According to the Global Trade Review, the World Blockchain Trade Consortium (WBTC) formed last week in Singapore. One of the participants is Global Trade Review’s sister company Singapore based GTR Ventures. Other members are Australia-based National Credit Insurance Brokers, Singapore-based fintech Incomlend and South American fintech Portal Finance. For now, none of the participants are banks.
The consortium will use startup Trade Finance Market’s technology called Invoice Check to prevent invoice fraud. It’s not uncommon for companies seeking finance to attempt to get trade credit multiple times using the same invoice.
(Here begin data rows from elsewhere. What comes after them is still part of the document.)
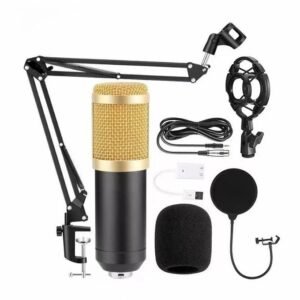 BM800 Professional Studio Condenser Microphone - 3.5mm Wired Microphone for Radio Broadcasting and Vocals with Mic Stand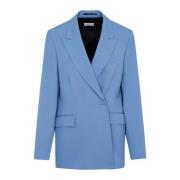 Blauwe Wol Beno Jas Dries Van Noten , Blue , Dames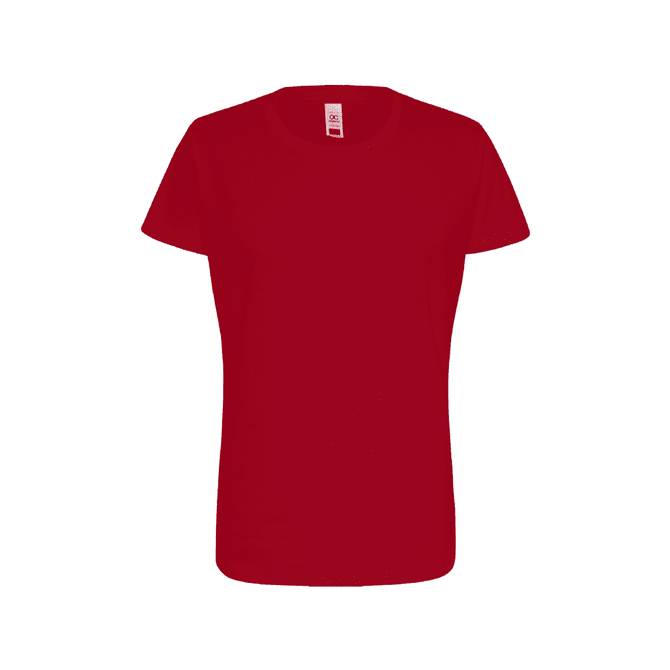 A red women's t-shirt with a round neckline and short sleeves, featuring a logo.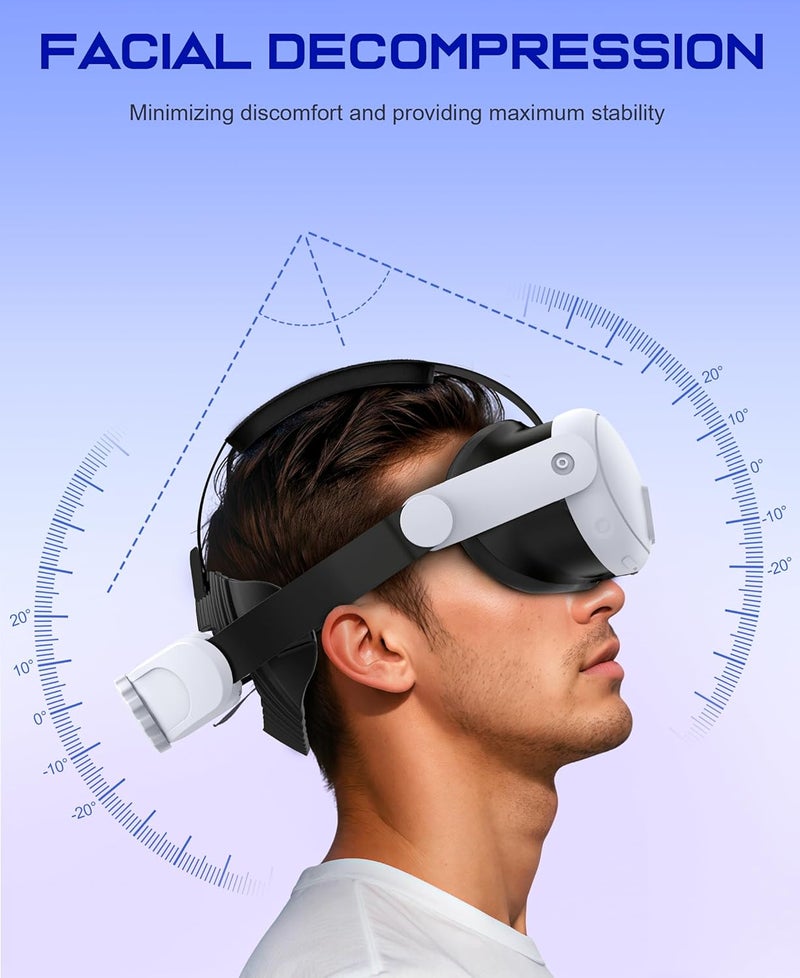 NinjaPlusOX VR Head Strap Compatible with Meta Quest 3/3S/2, Adjustable Elite Strap Replacement Intended for Quest 3 Head Strap, Enhanced VR Accessories Support Comfort Reduce Pressure Extend Playtime - Image 3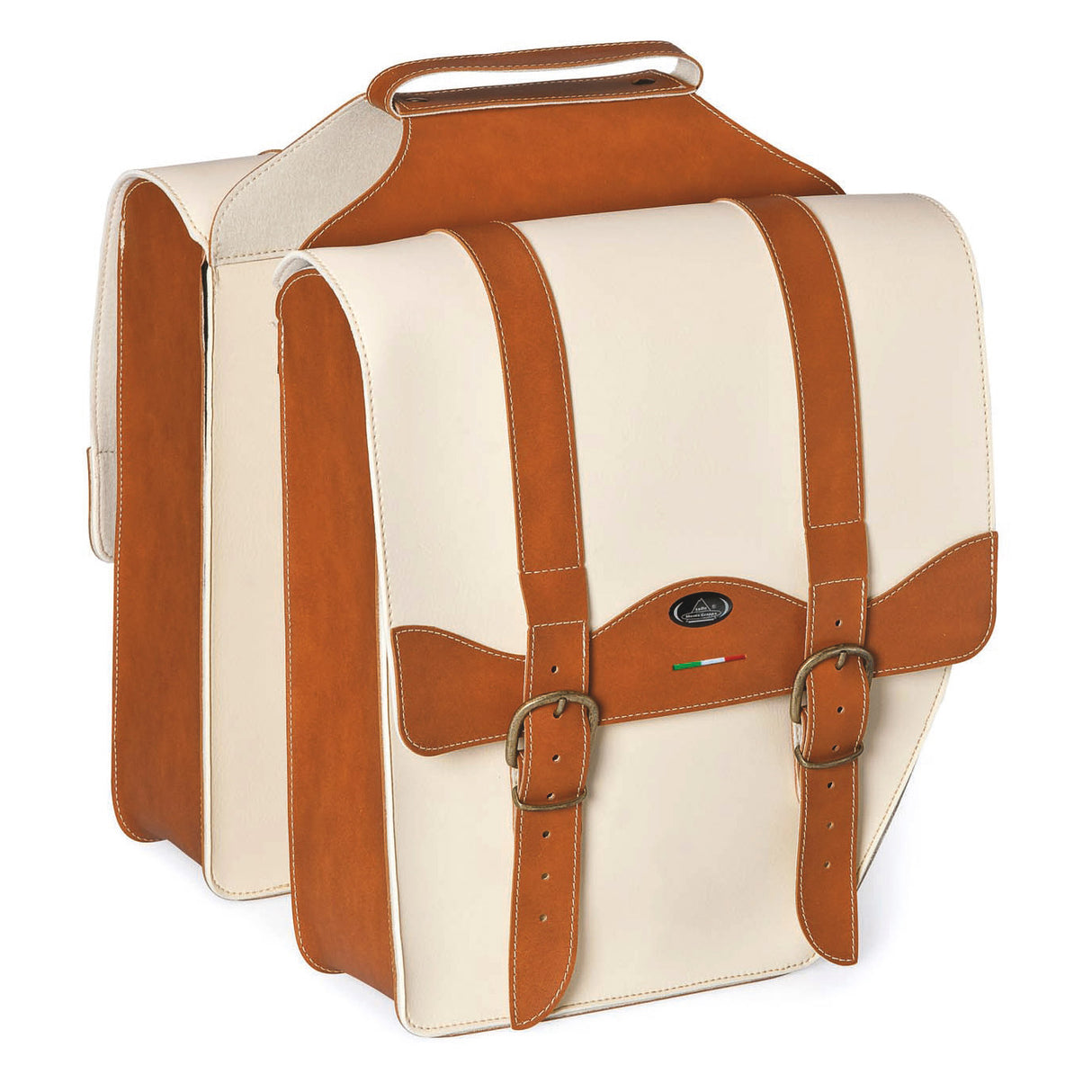 Selle Monte Grappa Monte Grappa Double Bag 17L Cruiser Vintage Cognac Cream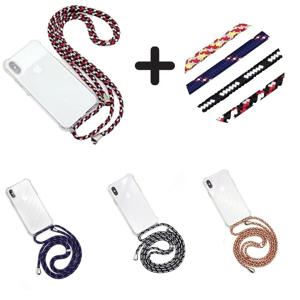 갤럭시 노트20 N981 투명 목걸이+줄2개set 폰케이스 슬림 이쁜 커플 목줄 젤리 고무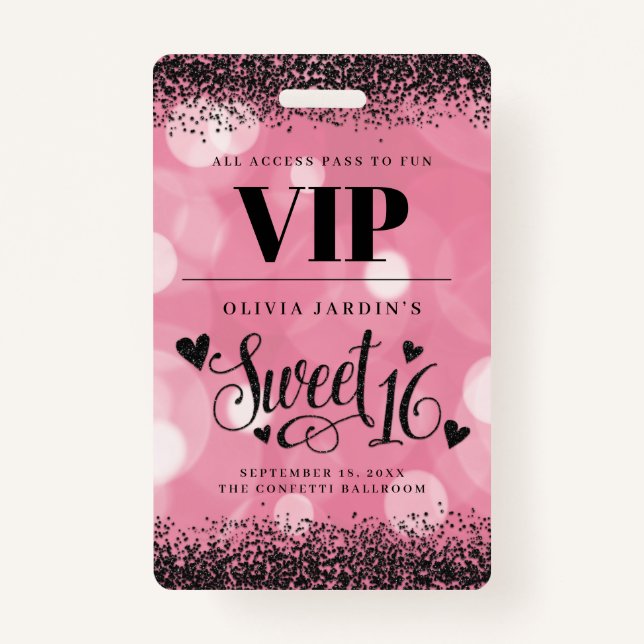Black & Pink Glam Sweet 16 Badge ID Badge (Front)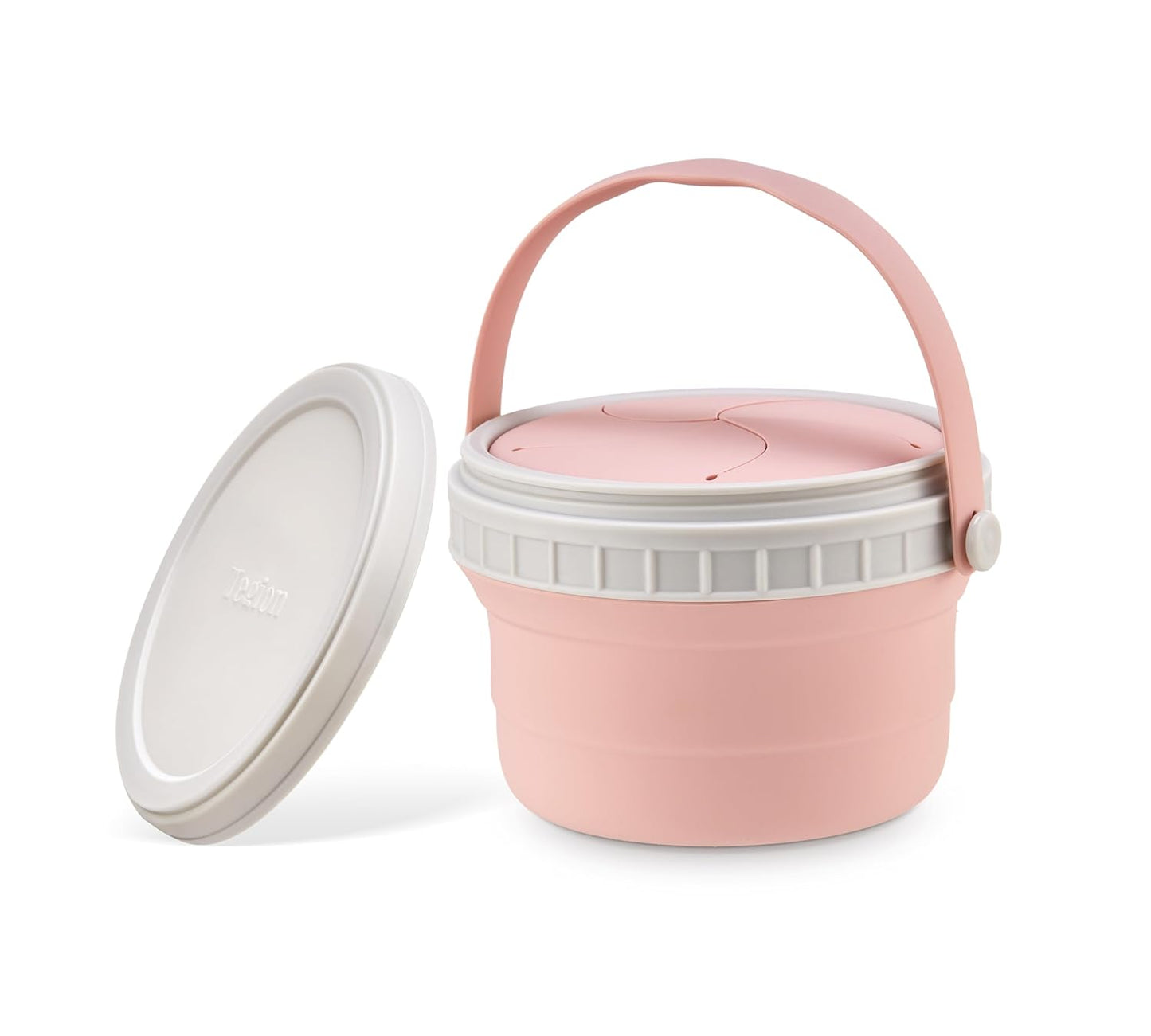 No Spill Silicone Toddler Snack Containers, Detachable Silicone Flap for Filling&Cleaning, Crumb-Free Hard Plastic Screw Travel Lid, Ultra-Soft for Baby Kids Hand In-Out, Snack Cup Holder 12 oz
The technology is similar to Monetago‘s where there is a blockchain with an obfuscated reference to invoices. Other parties can check the blockchain to verify that an invoice has not yet been financed. In the Monetago case, they partnered with a group of significant trade finance providers in India to prevent trade finance fraud. WBTC aims to share invoices globally.
In the last few years, there have been several examples of major fraud, especially in metal trading. Often the issue was that multiple warehouse receipts were issued for the same pallet of goods. And the fraudulent warehouse receipts were then used to raise finance. This happens even though the financier gets a third party to go and check that the warehouse receipts match the goods. But someone else owns the original receipts and later takes the products. Just last year ANZ was caught out with fraudulent receipts for 30,000 tons of nickel with a value of $286 million at the time.
The WBTC consortium differs from others where the primary aim is to digitize trade documents to facilitate speedy trade finance. However, the WBTC plans to interoperate with other consortia.
Yesterday Singapore-based dltledger announced the launch of its SaaS trade blockchain. Regarding blockchain trade finance the most significant groups are we.trade, Marco Polo, Voltron, Hong Kong’s eTradeConnect, and komgo for commodities (initially energy).